_What needs to be done_
Would you restate the entries below word for word, leaving out the images?

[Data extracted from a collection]
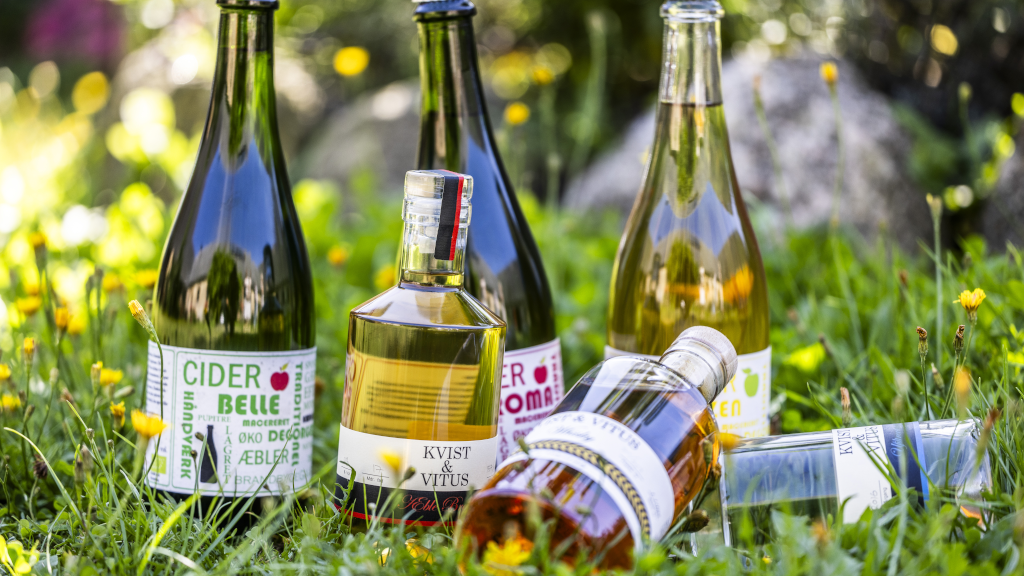 Flaschen mit gemischtem Wein und Cidre von Brandbygegaard liegen auf dem Rasen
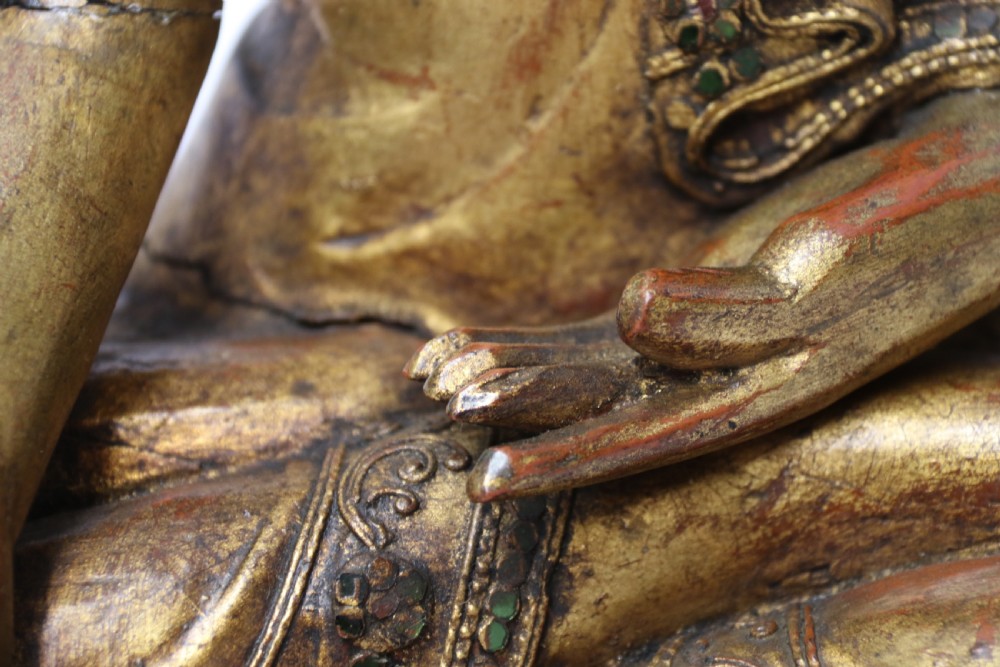 A carved wood Buddha figure in a seated posture decorated in gold gilding with ornamental glass inlay. View V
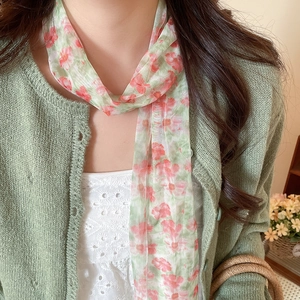 Detailed macro view of an elegant floral mesh skinny scarf paired with a green cardigan.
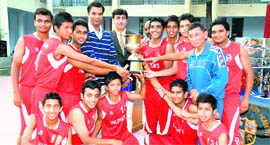 The Hilton School basketball team with the AC Deb Memorial Invitational Basketball Tournament trophy in Dehradun on Thursday.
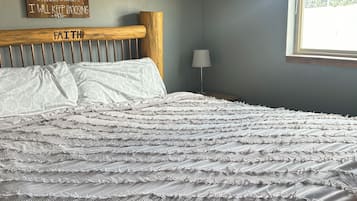 1 habitación, tabla de planchar con plancha y cuna de viaje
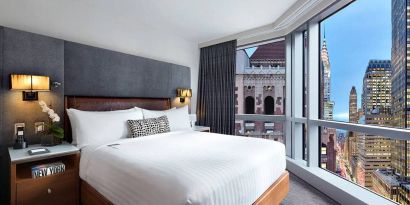 Hotel 48LEX New York guest room with double bed and stunning city view.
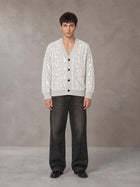 Model wearing the SM Abstract Jacquard Knitted Cardigan in Ivory White, front view.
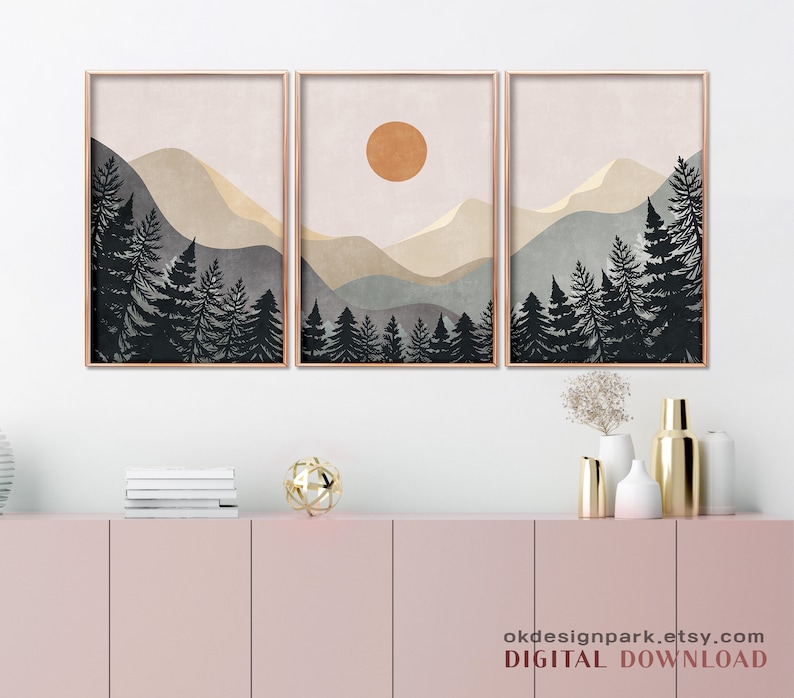 K&ouml;nnte beinhalten: Ein Set aus drei digitalen Drucken mit einer minimalistischen Landschaft mit Bergen, einer Sonne und einem Wald aus dunklen B&auml;umen. Die Drucke sind in Braun-, Beige- und Blaut&ouml;nen gehalten.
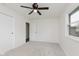 Carpeted bedroom features a ceiling fan, neutral walls and natural light from a window at 5982 Melbourne Rd, Indianapolis, IN 46228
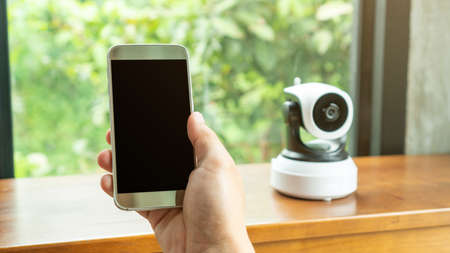 Smartphone connecting with security IP camera on a wooden table.の写真素材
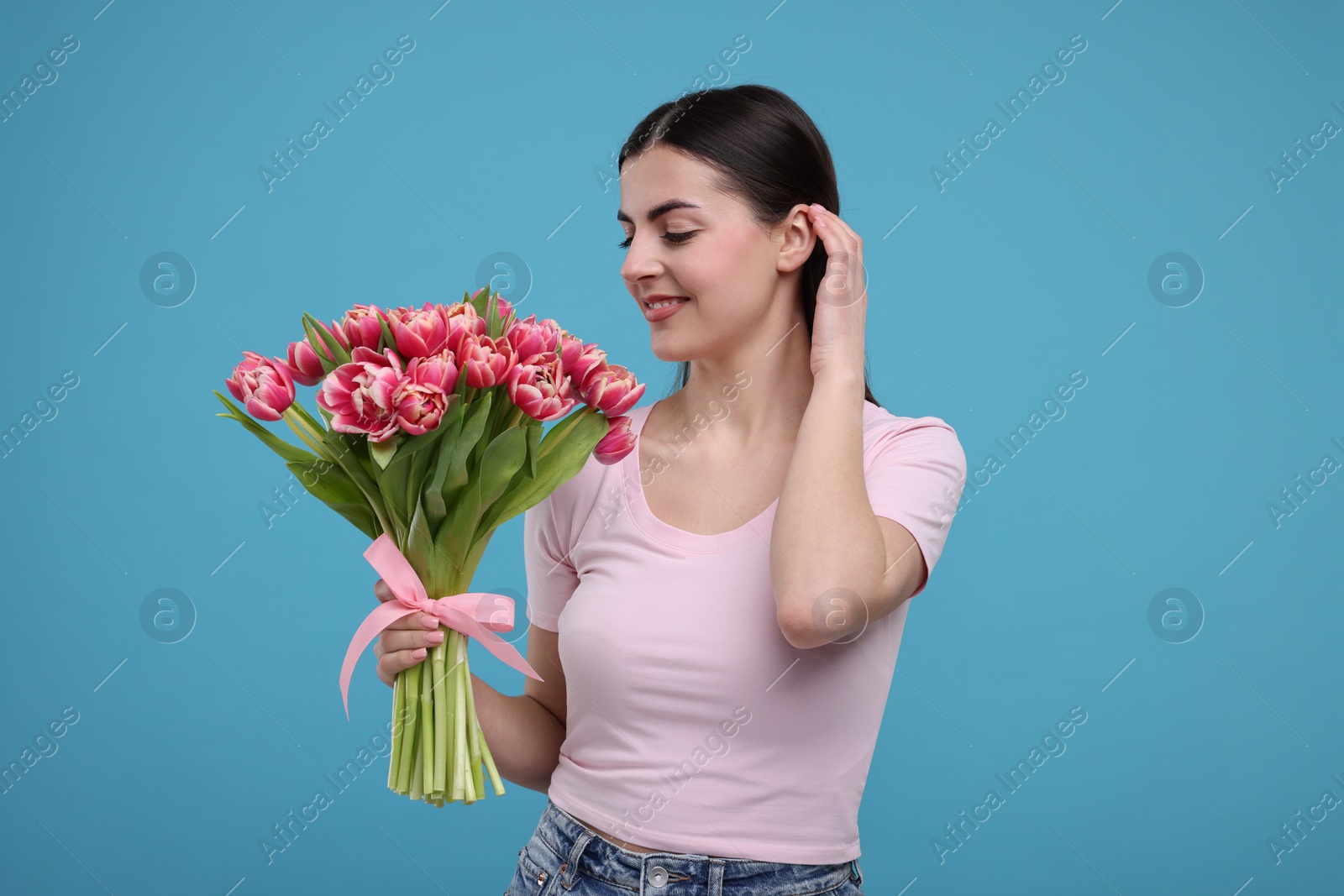 Photo of Happy young woman with beautiful bouquet on light blue background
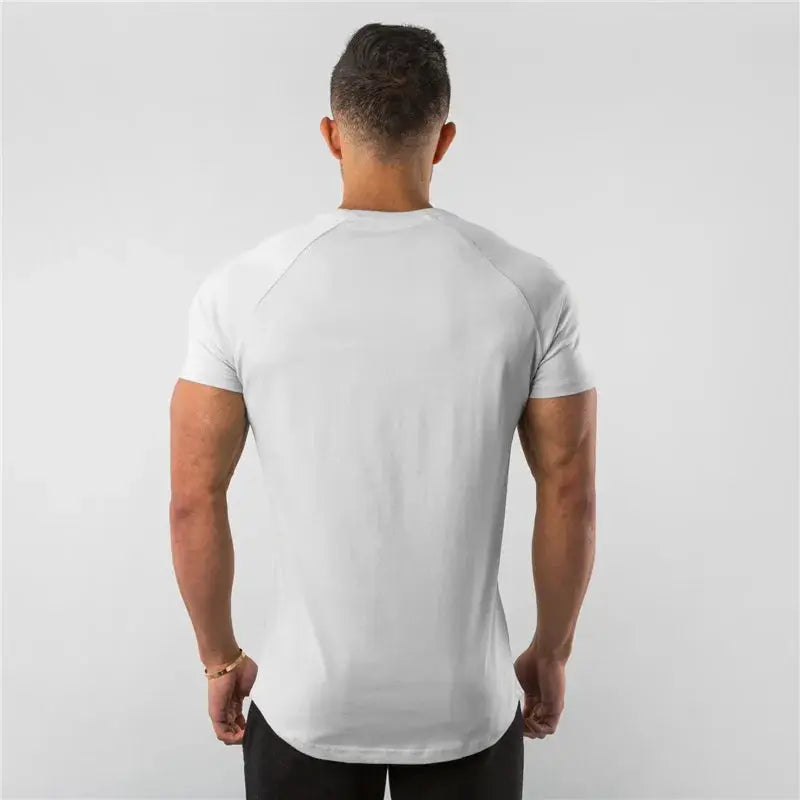 Men's white cotton fitness T-shirt, short sleeves, slim fit with curved hem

_Task response_
 Flaschen mit gemischtem Wein und Cidre von Brandbygegaard liegen auf dem Rasen
 A carved wood Buddha figure in a seated posture decorated in gold gilding with ornamental glass inlay. View V
 Detailed macro view of an elegant floral mesh skinny scarf paired with a green cardigan.
 The Hilton School basketball team with the AC Deb Memorial Invitational Basketball Tournament trophy in Dehradun on Thursday.
 1 habitación, tabla de planchar con plancha y cuna de viaje
 Hotel 48LEX New York guest room with double bed and stunning city view.
 Model wearing the SM Abstract Jacquard Knitted Cardigan in Ivory White, front view.
 K&ouml;nnte beinhalten: Ein Set aus drei digitalen Drucken mit einer minimalistischen Landschaft mit Bergen, einer Sonne und einem Wald aus dunklen B&auml;umen. Die Drucke sind in Braun-, Beige- und Blaut&ouml;nen gehalten.
 Carpeted bedroom features a ceiling fan, neutral walls and natural light from a window at 5982 Melbourne Rd, Indianapolis, IN 46228
 Smartphone connecting with security IP camera on a wooden table.の写真素材
 Photo of Happy young woman with beautiful bouquet on light blue background
 Men's white cotton fitness T-shirt, short sleeves, slim fit with curved hem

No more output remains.